Отец коротко покрикивал, как древний викинг, и делал маленькие, но сильные рывки, начиная упорно продвигаться к вершине. Он обернулся ко мне, увидел мое отвратительное искаженное лицо и крикнул подбадривающе. Я подождала, пока мое усталое рыдание вылезет полностью из груди (откуда у меня были силы на это?), разозлилась сильнее и начала быстро перебирать ногами и руками, не обращая внимания на поверхность. Я хваталась за камни, раздирая пальцы до крови, в ботинки попадал песок, но я не чувствовала его, колени разбились о маленькие камни, ноги, лицо, тело, рот - все было наполнено пылью. Я как будто гналась за добычей по крутому склону, и как будто это была моя последняя надежда на выживание - получу питательный белок, съев добычу или погибну.
Отец, наконец, добрался до вершины после прерывистого подъема, лёг, распластав руки и смотря на небо. Он издал ни на что не похожий вздох с криком и просто лежал без движения, забыв, что я еще барахтаюсь в камнях на перевале.

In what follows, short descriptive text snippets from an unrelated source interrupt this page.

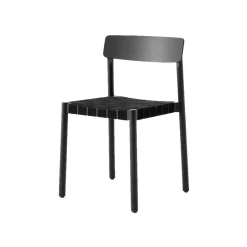 Chairs^&Tradition Betty TK1 Chair, , braided linen band seat Black
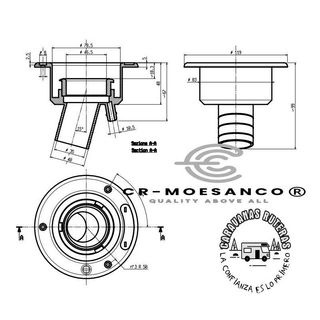 Bocana redonda blanca de llenado depósito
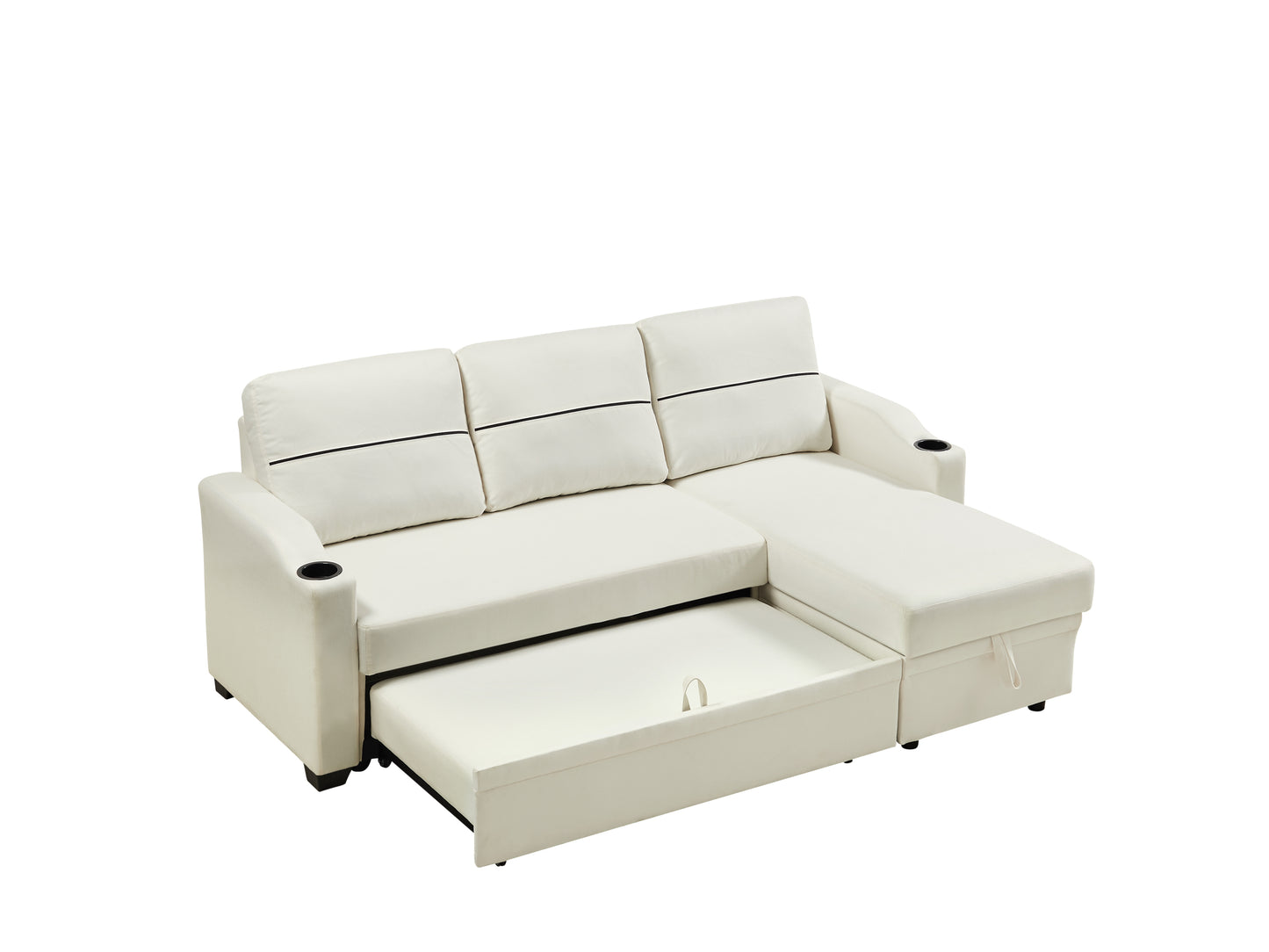 9191 Beige broaching storage sofa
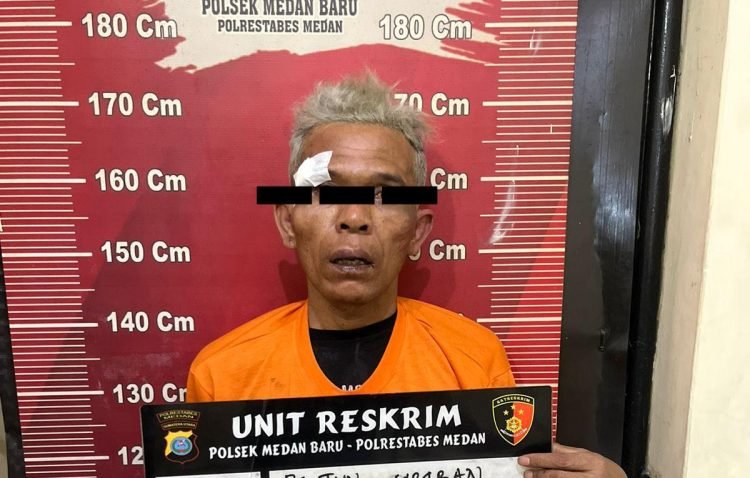 Polsek Medan Baru Tangkap Pelaku Curanmor di Jalan Abdullah Lubis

Мои силы подвели меня, а до вершины оставалось три метра. Я опять положила голову на камни, пролежала так секунд десять и снова поднялась. Горло дрожало от рыданий, тело сотрясалось, но я медленно продвигалась к вершине.  На тот момент это было пределом моих физических и психических возможностей. На вершине показалось страшное, серое, мокрое от слёз лицо. Существо легло на спину и уставилось на желто-голубое небо, сотрясаясь в тихих рыданиях. Облака добрыми клочками плыли по небу, как бы успокаивая нас и показывая, что нужно жить безмятежно. Дул морозный ветерок, тихонько посвистывая мимо ушей. Его тихий свист прерывал далекий, но громкий вой койота или, вероятно, другого псового. Вой подсказывал нам, что рано расслабляться и что в той долине нас ждет еще большая пугающая неизвестность. Отец сухо похвалил и поздравил меня с взятием такого перевала, сказав, что это был один из сложнейших его перевалов за всю долгую походную жизнь. Он посмотрел на далекий следующий перевал, который был покрыт огромным ледником и ужаснулся.

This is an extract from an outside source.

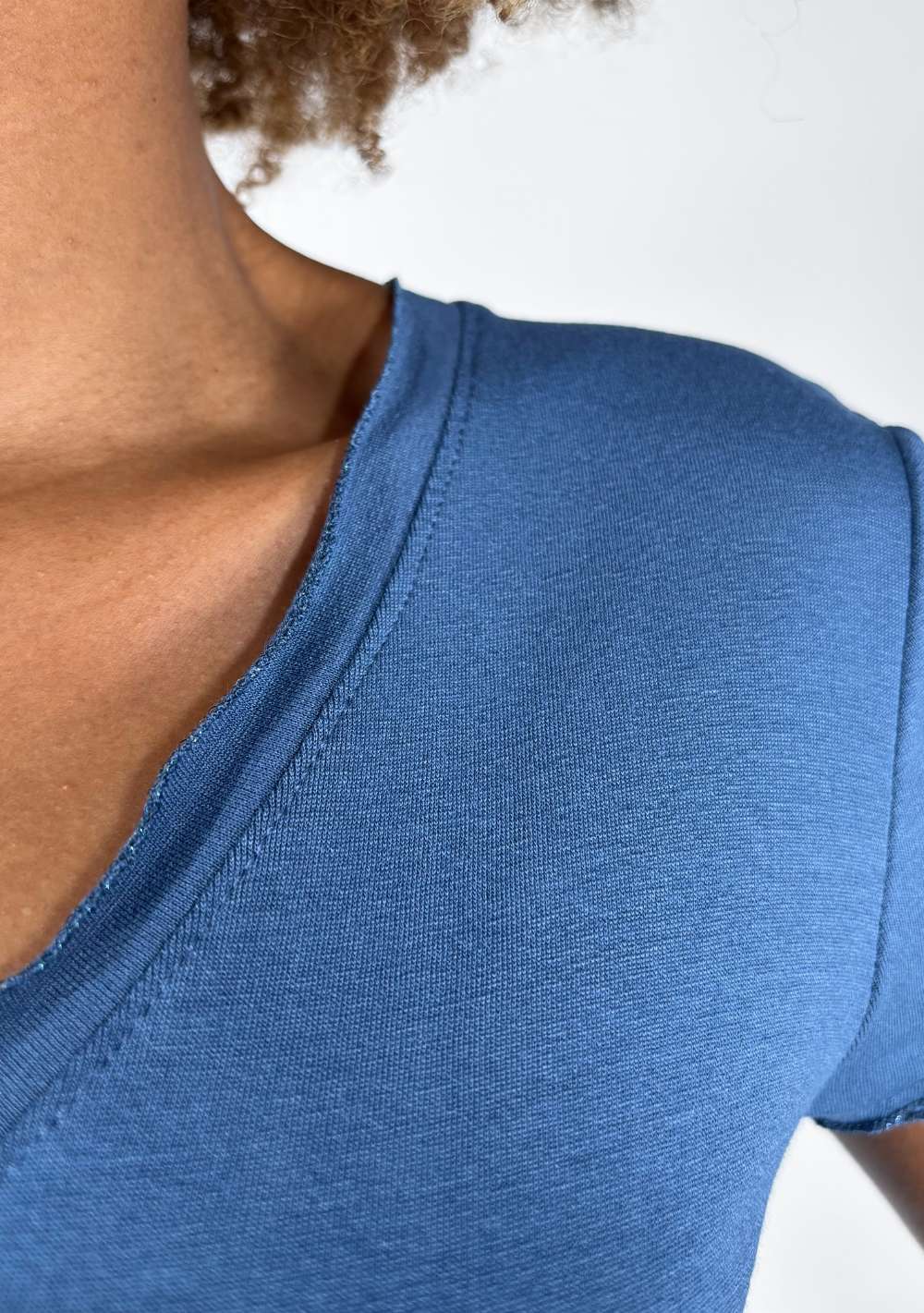 Maglia Scollo a V Lurex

Нет, туда только на смерть идти.
Для меня тот перевал показался невозможным - это была самая высокая снежная гора с гигантскими черными прорешинами. У нас не было оборудования, чтобы пройти по такому леднику, и я была ужасно рада, что мы спустимся в долину и не пойдем туда. Кто бы знал, что через несколько лет мы будем проходить такие и даже более высокие перевалы с ледниками в спортивных кроссовках и без оборудования на Алтае. И именно там отец по моей неосторожности сломает руку и больше, к сожалению, не сможет восстановить её полное функционирование. Это будет наш последний совместный поход. Но это уже другая история. А сейчас нам предстоял путь вниз мимо скал, которые создавали атмосферу дикого запада. Нужно искать место для палатки, разводить костер и готовить обед.